REQUIREMENT -> Each line below from the "Data Analysis using" line through the "A block diagram" line, those two included, must be restated word for word; the pictures must not be.

THE DATA ->

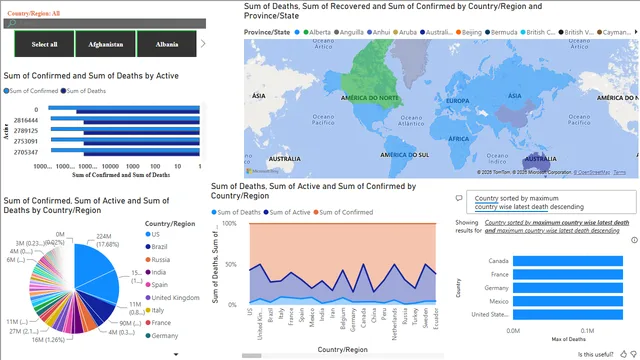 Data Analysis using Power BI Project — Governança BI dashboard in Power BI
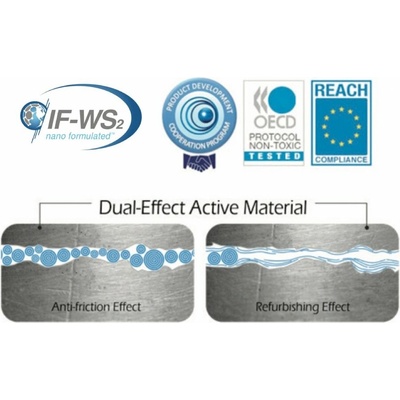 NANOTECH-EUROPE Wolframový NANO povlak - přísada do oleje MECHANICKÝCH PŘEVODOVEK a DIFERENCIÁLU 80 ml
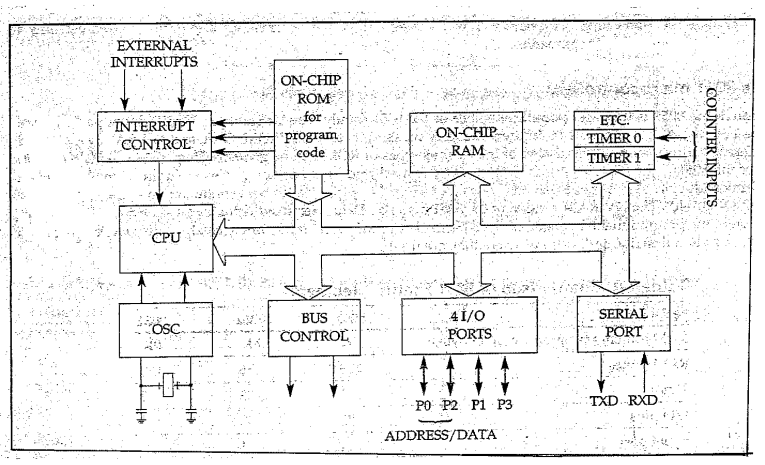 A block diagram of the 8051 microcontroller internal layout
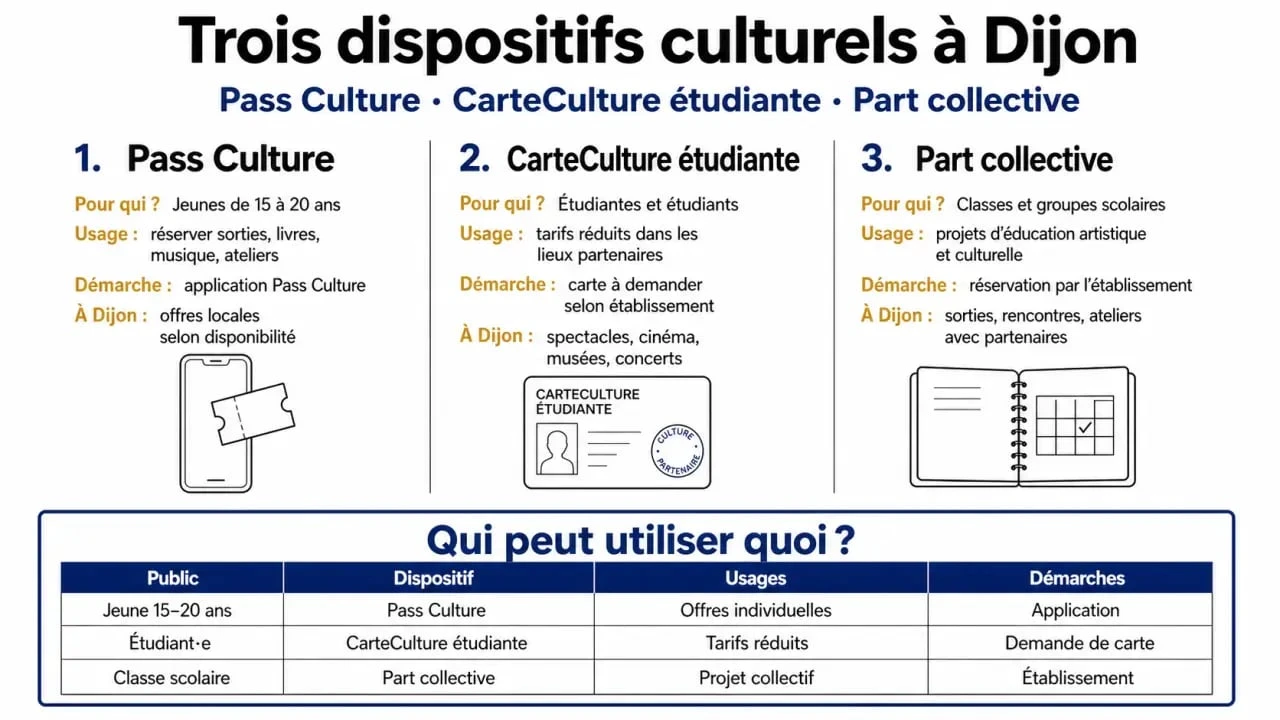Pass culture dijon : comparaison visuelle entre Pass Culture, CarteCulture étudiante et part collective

==

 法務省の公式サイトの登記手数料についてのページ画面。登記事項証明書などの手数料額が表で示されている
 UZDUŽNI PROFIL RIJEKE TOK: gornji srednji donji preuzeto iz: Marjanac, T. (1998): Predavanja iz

...

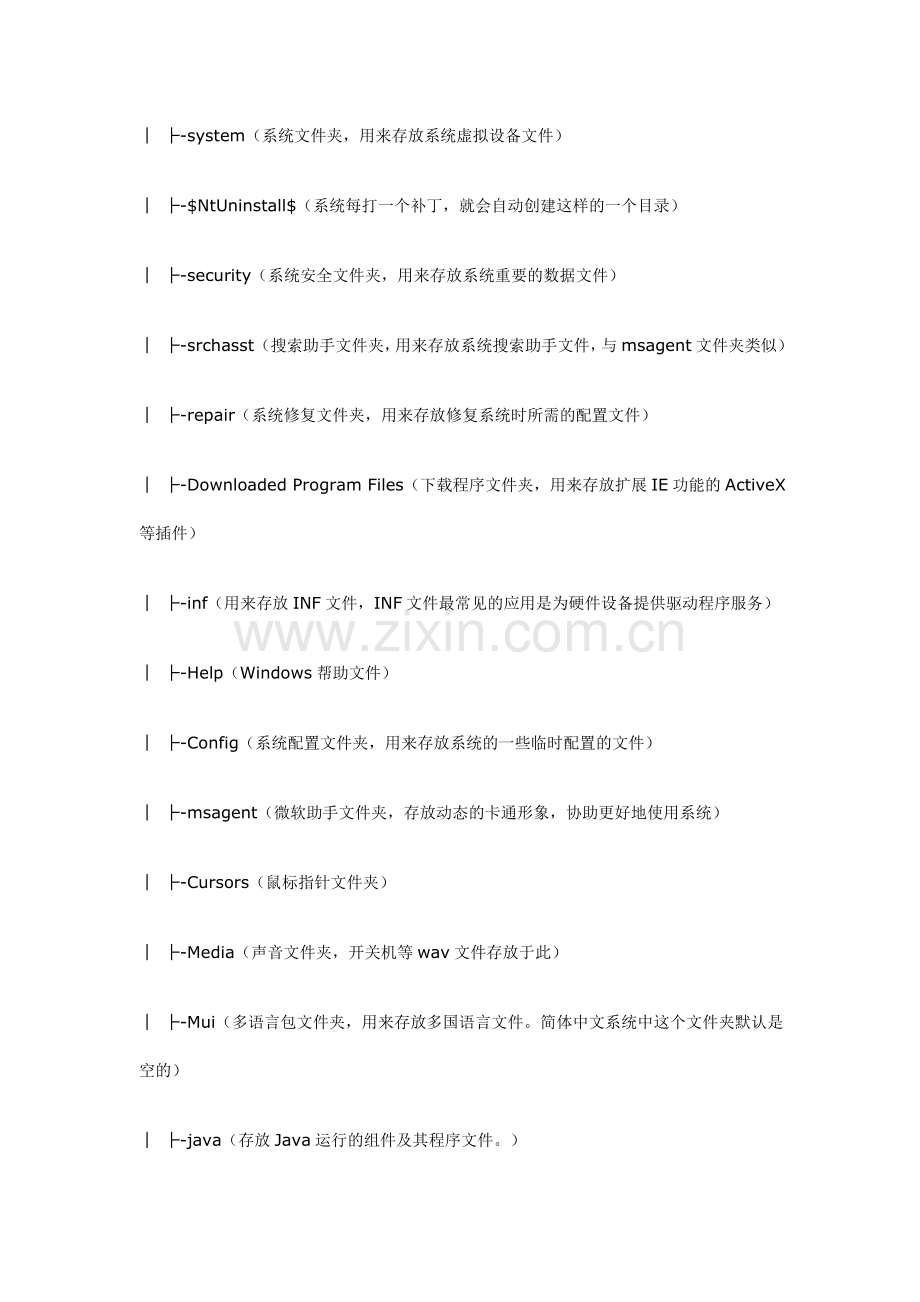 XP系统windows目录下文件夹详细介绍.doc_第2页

RESPONSE TO THE EXERCISE ->
 Data Analysis using Power BI Project — Governança BI dashboard in Power BI
 NANOTECH-EUROPE Wolframový NANO povlak - přísada do oleje MECHANICKÝCH PŘEVODOVEK a DIFERENCIÁLU 80 ml
 A block diagram of the 8051 microcontroller internal layout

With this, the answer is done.